FDA is asking Wockhardt to provide evaluation of all laboratory equipment that may be affected by the lack of adequate controls to prevent data manipulation.It is further requiring the company to address the root cause of the quality unit's failure to control and detect the manipulation or alteration of laboratory documents and describe actions to prevent recurrence. It is also asking the company to provide procedures to manage all computerized data and how the data will be used, retained, and stored to ensure its integrity. 

Wockhardt was also cited for a failure to follow written procedures for production and process control designed to assure that its drug products that it manufactured have the identity, strength, quality, and purity they purport or are represented to possess and to provide for proper documentation. At the Chikalthana site, investigators observed poor documentation practices during in-process testing. FDA said the company's response to this matter indicate whether this poor documentation practice is an isolated case or is a matter of widespread behavior in this facility.

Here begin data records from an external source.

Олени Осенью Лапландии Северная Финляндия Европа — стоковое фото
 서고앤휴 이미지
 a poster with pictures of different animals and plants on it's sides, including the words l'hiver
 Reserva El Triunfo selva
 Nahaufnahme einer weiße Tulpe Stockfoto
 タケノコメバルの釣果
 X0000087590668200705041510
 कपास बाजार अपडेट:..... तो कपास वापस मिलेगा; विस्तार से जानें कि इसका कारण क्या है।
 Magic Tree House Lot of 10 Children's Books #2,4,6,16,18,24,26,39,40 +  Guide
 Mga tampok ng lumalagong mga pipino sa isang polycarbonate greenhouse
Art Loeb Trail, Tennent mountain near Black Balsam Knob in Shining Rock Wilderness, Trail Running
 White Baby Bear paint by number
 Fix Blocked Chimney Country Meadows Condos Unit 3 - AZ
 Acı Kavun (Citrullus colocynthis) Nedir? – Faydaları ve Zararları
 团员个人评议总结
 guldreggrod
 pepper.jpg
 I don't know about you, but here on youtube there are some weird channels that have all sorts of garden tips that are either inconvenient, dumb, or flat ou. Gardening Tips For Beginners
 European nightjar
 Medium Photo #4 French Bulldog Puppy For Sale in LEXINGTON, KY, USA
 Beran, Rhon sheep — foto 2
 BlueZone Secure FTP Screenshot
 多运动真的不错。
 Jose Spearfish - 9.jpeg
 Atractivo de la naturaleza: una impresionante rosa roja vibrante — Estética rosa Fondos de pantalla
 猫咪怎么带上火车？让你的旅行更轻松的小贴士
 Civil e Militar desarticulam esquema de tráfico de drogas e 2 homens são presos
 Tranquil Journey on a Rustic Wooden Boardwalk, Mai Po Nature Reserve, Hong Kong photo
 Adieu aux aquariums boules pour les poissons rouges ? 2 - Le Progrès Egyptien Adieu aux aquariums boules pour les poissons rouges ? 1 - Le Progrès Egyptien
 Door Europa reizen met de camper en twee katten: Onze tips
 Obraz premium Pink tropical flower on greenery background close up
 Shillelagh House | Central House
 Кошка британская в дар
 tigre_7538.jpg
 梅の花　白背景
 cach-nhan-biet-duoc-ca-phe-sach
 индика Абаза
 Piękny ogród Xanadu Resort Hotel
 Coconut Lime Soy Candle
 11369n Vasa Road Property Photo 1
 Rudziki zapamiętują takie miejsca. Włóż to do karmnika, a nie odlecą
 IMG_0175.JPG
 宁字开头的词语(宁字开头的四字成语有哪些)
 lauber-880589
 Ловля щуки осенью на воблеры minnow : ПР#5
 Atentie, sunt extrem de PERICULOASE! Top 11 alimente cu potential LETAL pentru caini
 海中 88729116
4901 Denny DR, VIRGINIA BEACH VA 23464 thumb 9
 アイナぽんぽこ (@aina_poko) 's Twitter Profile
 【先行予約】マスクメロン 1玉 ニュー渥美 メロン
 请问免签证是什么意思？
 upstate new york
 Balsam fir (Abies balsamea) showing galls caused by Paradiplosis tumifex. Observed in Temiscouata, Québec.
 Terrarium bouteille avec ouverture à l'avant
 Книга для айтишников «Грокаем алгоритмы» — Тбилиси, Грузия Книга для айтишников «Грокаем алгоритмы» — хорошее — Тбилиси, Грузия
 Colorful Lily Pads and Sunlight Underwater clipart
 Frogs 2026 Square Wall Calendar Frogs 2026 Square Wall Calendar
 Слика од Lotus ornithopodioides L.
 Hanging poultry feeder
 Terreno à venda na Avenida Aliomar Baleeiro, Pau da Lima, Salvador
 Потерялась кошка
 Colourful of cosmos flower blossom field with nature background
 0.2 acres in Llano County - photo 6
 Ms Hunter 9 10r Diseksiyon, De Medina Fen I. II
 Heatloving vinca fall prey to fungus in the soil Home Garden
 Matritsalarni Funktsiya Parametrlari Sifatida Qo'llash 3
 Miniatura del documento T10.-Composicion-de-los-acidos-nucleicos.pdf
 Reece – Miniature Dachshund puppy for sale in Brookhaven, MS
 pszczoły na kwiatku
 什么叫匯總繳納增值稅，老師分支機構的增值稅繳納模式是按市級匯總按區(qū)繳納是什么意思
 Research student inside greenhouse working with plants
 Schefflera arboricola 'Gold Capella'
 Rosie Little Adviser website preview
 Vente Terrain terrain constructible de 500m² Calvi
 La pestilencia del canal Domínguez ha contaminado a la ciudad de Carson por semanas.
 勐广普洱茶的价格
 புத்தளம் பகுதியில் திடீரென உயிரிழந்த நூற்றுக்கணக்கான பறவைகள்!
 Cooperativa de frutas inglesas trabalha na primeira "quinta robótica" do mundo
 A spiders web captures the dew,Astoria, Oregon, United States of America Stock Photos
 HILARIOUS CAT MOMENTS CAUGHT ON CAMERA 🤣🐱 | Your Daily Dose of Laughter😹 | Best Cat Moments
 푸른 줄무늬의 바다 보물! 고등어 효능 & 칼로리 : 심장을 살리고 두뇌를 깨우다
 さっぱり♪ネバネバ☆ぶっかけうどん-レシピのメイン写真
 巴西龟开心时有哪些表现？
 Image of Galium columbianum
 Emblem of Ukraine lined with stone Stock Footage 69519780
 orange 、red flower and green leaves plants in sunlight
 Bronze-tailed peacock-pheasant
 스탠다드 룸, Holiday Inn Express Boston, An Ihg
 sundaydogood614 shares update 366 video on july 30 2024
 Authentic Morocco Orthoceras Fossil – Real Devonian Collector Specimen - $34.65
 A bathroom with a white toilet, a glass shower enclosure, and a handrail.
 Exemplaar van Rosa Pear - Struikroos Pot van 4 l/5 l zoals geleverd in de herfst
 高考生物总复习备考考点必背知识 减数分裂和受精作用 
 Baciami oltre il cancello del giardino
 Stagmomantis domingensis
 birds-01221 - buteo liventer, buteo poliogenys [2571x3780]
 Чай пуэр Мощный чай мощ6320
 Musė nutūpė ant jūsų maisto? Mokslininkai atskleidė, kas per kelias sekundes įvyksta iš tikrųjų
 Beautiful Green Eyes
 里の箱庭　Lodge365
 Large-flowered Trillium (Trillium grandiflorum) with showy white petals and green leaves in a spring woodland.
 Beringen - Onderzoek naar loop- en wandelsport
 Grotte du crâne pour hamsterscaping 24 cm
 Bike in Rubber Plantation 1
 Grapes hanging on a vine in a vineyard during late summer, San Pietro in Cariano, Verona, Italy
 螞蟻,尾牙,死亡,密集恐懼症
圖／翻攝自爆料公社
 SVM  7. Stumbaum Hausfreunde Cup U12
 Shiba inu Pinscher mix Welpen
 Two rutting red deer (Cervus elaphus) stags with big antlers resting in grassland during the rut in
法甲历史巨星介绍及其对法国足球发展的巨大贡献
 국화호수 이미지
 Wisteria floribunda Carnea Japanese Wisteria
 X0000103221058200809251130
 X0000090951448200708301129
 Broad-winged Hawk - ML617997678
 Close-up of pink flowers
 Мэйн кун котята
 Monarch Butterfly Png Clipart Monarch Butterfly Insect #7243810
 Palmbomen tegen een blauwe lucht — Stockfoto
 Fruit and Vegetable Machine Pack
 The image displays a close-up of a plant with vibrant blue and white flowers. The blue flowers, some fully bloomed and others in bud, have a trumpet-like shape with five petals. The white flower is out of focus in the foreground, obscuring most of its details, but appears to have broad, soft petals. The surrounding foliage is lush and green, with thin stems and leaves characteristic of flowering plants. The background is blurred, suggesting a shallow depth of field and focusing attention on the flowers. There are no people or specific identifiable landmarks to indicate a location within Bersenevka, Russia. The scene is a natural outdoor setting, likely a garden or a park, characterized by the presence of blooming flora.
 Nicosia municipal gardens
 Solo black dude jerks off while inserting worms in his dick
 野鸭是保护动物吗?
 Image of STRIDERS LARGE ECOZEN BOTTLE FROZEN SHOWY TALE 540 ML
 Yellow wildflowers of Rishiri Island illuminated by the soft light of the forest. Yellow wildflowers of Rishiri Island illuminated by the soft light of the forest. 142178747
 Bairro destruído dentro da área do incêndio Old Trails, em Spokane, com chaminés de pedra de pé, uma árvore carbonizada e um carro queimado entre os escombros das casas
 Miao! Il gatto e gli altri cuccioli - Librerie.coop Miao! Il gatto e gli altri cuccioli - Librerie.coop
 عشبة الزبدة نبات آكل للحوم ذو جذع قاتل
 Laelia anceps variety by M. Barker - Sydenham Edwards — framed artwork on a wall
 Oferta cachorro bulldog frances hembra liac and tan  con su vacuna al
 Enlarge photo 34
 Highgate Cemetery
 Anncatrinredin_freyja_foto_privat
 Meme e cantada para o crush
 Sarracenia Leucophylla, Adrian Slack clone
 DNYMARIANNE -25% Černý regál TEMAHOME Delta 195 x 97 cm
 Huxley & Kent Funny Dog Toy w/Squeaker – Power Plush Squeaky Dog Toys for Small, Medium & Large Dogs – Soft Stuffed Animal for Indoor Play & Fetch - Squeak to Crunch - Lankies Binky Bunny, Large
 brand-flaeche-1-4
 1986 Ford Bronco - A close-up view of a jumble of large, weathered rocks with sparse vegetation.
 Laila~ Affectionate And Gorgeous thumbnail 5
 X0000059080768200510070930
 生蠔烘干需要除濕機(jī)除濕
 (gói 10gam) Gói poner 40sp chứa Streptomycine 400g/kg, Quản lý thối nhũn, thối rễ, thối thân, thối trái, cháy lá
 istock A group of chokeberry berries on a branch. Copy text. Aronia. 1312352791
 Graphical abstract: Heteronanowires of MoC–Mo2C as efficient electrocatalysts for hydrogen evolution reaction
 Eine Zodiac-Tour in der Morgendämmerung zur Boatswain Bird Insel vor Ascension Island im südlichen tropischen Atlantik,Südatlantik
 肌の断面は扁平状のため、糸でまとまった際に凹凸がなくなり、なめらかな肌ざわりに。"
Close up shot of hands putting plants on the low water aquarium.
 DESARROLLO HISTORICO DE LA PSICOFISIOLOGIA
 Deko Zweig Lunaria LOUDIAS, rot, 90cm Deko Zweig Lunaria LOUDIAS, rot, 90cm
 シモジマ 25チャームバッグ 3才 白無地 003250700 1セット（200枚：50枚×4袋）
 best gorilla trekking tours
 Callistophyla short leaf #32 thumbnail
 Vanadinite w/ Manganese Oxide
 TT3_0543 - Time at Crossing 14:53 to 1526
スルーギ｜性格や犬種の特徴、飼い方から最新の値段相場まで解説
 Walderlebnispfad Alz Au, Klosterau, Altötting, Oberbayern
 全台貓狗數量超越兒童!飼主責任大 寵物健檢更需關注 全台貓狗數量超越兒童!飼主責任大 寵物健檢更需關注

FDA also noted that the firm failed to follow a written testing program designed to assess the stability characteristics of drug products. FDA is requesting the company provide an action plan to ensure improvements in its stability program, including explaining how the stability scheduler software will ensure the stability sample accountability is carried out as is established in the approved stability protocol.

"It is apparent that Wockhardt is not implementing global and sustainable corrective actions. It is essential that your firm implement a robust quality system," said FDA in its letter. "FDA strongly recommends that Wockhardt’s executive management immediately undertake a comprehensive and global assessment of your manufacturing operations to ensure that your systems and processes, and ultimately, the drug products you manufacture, conform to FDA requirements for safety, efficacy, and quality."FDA further is requiring Wockhardt to describe its corrective action plan that describes its commitment, procedures, actions, and controls to ensure data integrity. This plan should include the corrective actions implemented to ensure that all managers, supervisors, and quality-unit personnel are properly trained in detecting data-integrity and manipulation issues. FDA is also recommending that the company hire a third-party auditor, with experience in detecting data-integrity problems to assist with this evaluation and to assist with overall cGMP compliance.

Until all corrections have been completed and FDA has confirmed corrections of the violations and the firm’s compliance with cGMP, FDA said it may withhold approval of any new applications or supplements listing Wockhardt as a drug product manufacturer and that failure to correct these violations may result in FDA refusing admission of articles manufactured at Wockhardt facilities in Chikalthana and  Waluj.